Renault Koleos driven
Looking at the previous gen Renault Koleos was like getting punched in the face. The design was brutal and not in a positive way. A true assault on the senses. The present generation Koleos tries hard to follow in its older sibling's footsteps except that it's been toned down from a Mike Tyson knock out to more of a tight slap from the Godfather. Still a rather unpleasant experience. The new found gentleness comes from Renault's new design elements up front. Behind the facelift remains a mechanically identical car but the few changes incorporated by Renault's India division have made this a far more pleasant beast to stare at in the eye.
Revisions affect the hood, headlamps, fenders, bumpers and the grille. Prior to this the Koleos had an ugly bridge connecting the hood to the bumper with a massive Renault logo glued right in the middle and two narrow and small honeycomb mesh grille flanking that bridge. This has been replaced by a conventional six-sided grille with three chrome slats to brighten up the face. Inside the cabin everything is the same except for the colours. The two-tone black and beige shade rather than the all black on the older SUV makes this cabin look spacious and roomy. The stereo and multi media panel is the same as on the Fluence, including its ungainly and not the most user friendly interface. The rest of the world has yet to learn a lot from the Germans in this regard.
The Koleos will be powered by just one engine, a 2-litre direct injection common rail diesel, whose turbo kicks in at around 1700rpm. Max power output is rated at 150PS at 4000rpm while there's a hefty 320Nm of maximum torque available at 2000rpm. It's a strong engine and well suited for both the city and highway driving, and one clear advantage is that it powers a SUV that weighs just 1.7 tonnes which is around 100kgs lighter than its closest competition, the Santa Fe. On the flip side the engine does not feel too refined and there is a small amount of engine noise in the cabin at above 3500rpm.
Renault has provided the Koleos with a primary 2WD drivetrain with the clutch transferring power to the front and not rear wheels. You can manually select between a 2WD or 4WD or automatic mode by flipping a switch on the centre stack. In auto mode, the Koleos senses wheel slip and without human intervention shifts into 4WD to counter it.
But the one area where the Koleos truly excels, setting a new benchmark for the segment is in the ride quality. It quite brilliantly rolls over anything without getting disturbed in the least. Interestingly the suspension isn't soft and boat like. Don't get me wrong, there is a fair amount of body roll, 206mm of ground clearance will do that to any SUV, yet the Koleos controls both pitch and roll admirably. On twisty high speed highway stretches she felt composed, safe and assured. She corners with ease, giving no signs of understeer despite the front wheel drivetrain, though there are limits to this SUV that can easily be crossed.
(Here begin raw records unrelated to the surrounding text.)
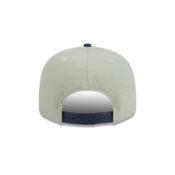 New Era 9Fifty San Diego Padres Two Tone Snapback Hat Light Mint Green Dark Navy Back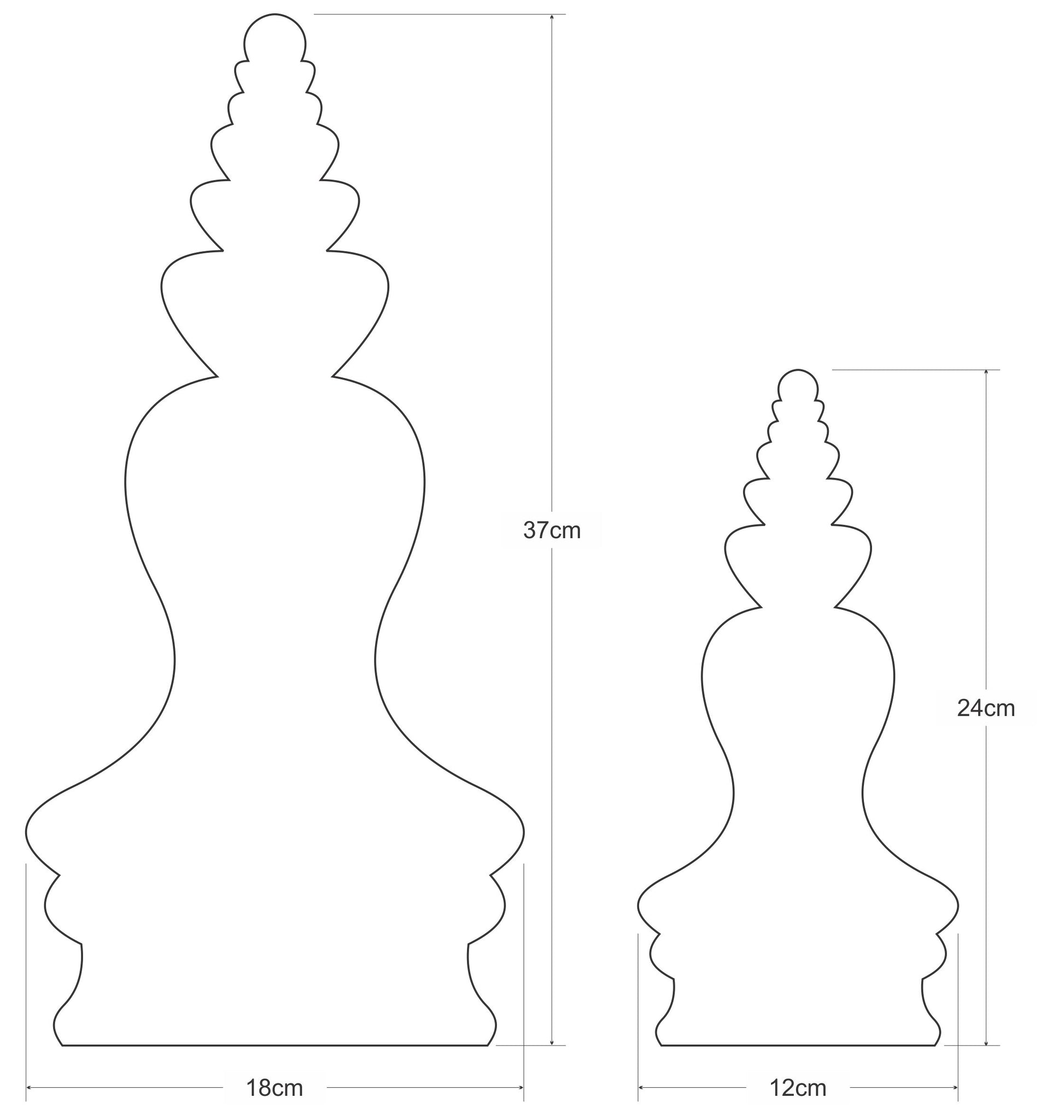 Spire Paper Concertina Tabletop with Magnet Festive Decor Ornament Online 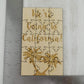 We'Re Going To California! - 15 Piece Wood Jigsaw Puzzle 6' X 3.5', Surprise Trip Gift Vacation Announcement Reveal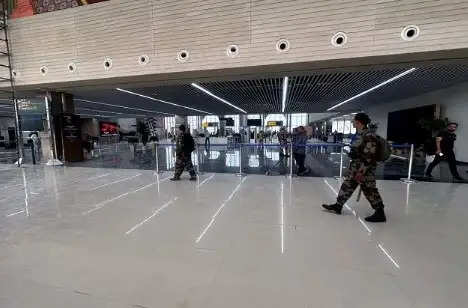 PM नरेन्द्र मोदी के लिए तैयार हुई रामनगरी, भारी सुरक्षा बल तैनात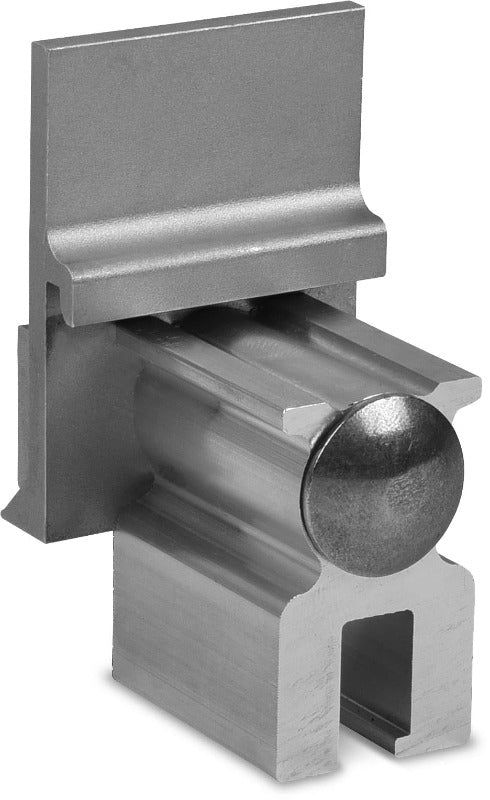 K2 Systems Doppelstehlfalzklemme CF:x SingleRail | 2003024
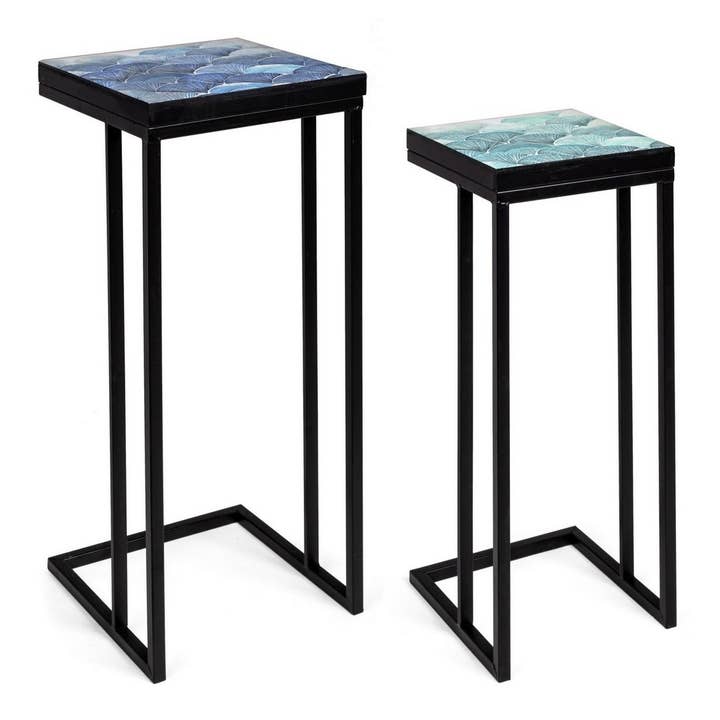 KONTE.DESIGN Set di 2 tavolini REEF K01 per la vendita all'ingrosso da parte di Konte.Design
Feature wise you get the best sound system there is in the segment, courtesy an eight-speaker Bose system with rich and clear tones, climate control, Bluetooth cell phone connectivity, parking sensors etc. On the safety front the Koleos comes with a 5-star NCAP rating which is higher than the Santa Fe, is equipped with ABS, Brake Assist and EBD. But strangely enough the Koleos earned its safety rating before 2009 without a stability control package which is still absent in this SUV!
So the Koleos turned out to be quite more promising than the first impressions we had of it months ago. Unlike the Fluence this is not going to grow on you. What you can appreciate is the ride quality and interior comfort and what we expect will be very good fuel efficiency but only a complete test will confirm that.